Acha que nos próximos anos há condições para alterar esta circunstância?
Acho.
Porquê?
O tema tem estado nas agendas das empresas, é um bom business case, portanto faz sentido económico apelar a essa diversidade e eu penso que se assistirá a movimento e melhoria. Até onde conseguiremos chegar é difícil de prever, mas o momento é favorável.
E que também será possível alastrar isso aos salários, para que sejam posições iguais mas também pagamentos iguais?
Tenho tendência a pensar, pela minha experiência, que o problema reside nas posições e não nos salários que as acompanham. O problema reside no facto de as senhoras não ocuparem os mesmos lugares do que os homens, não tanto de que, quando os ocupam, ganharem menos. É a minha leitura. E posso dizer que na nossa companhia não há nenhuma discriminação salarial. Observa-se é ainda, apesar dos nossos esforços, uma realidade que não nos agrada, que é a da paridade nas posições que ocupam.
Apesar de em Portugal e no mundo também termos disparidade dentro das mesmas funções. O que alguns estudos mostram é que possa estar relacionado com a questão da maternidade. É uma questão que pode ter relevo na disparidade salarial?
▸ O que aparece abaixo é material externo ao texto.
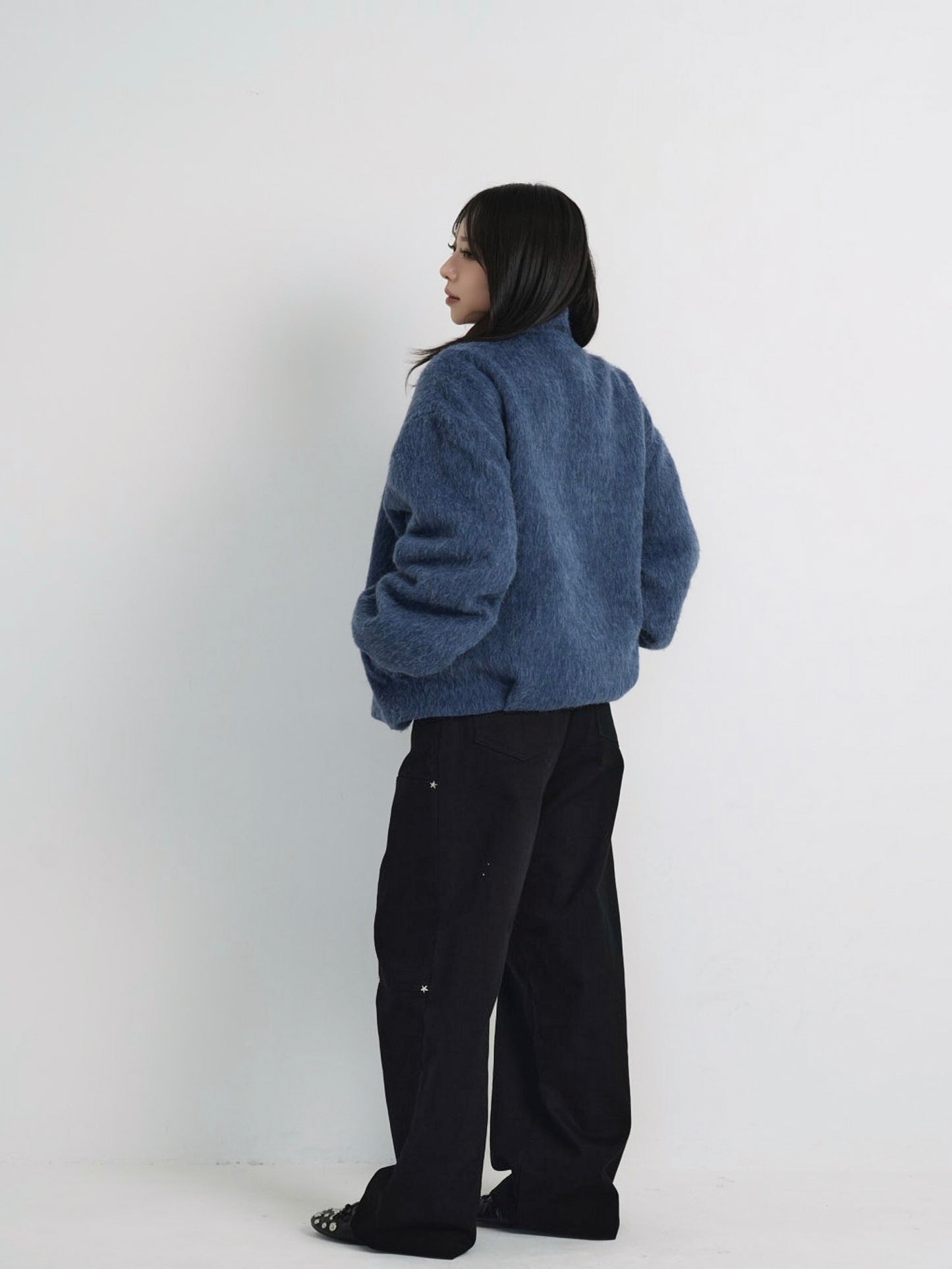 mohair snap blouson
Admito que sim. Não é o caso na Sonae Capital. Mas o tecido empresarial é muito heterogéneo e pensando nas pequenas empresas pode até ser mais relevante. A maternidade é um daqueles pontos-chave que referi há pouco e que as empresas têm de cuidar para que não seja um obstáculo ao prosseguir de uma carreira ambiciosa por parte de uma mulher.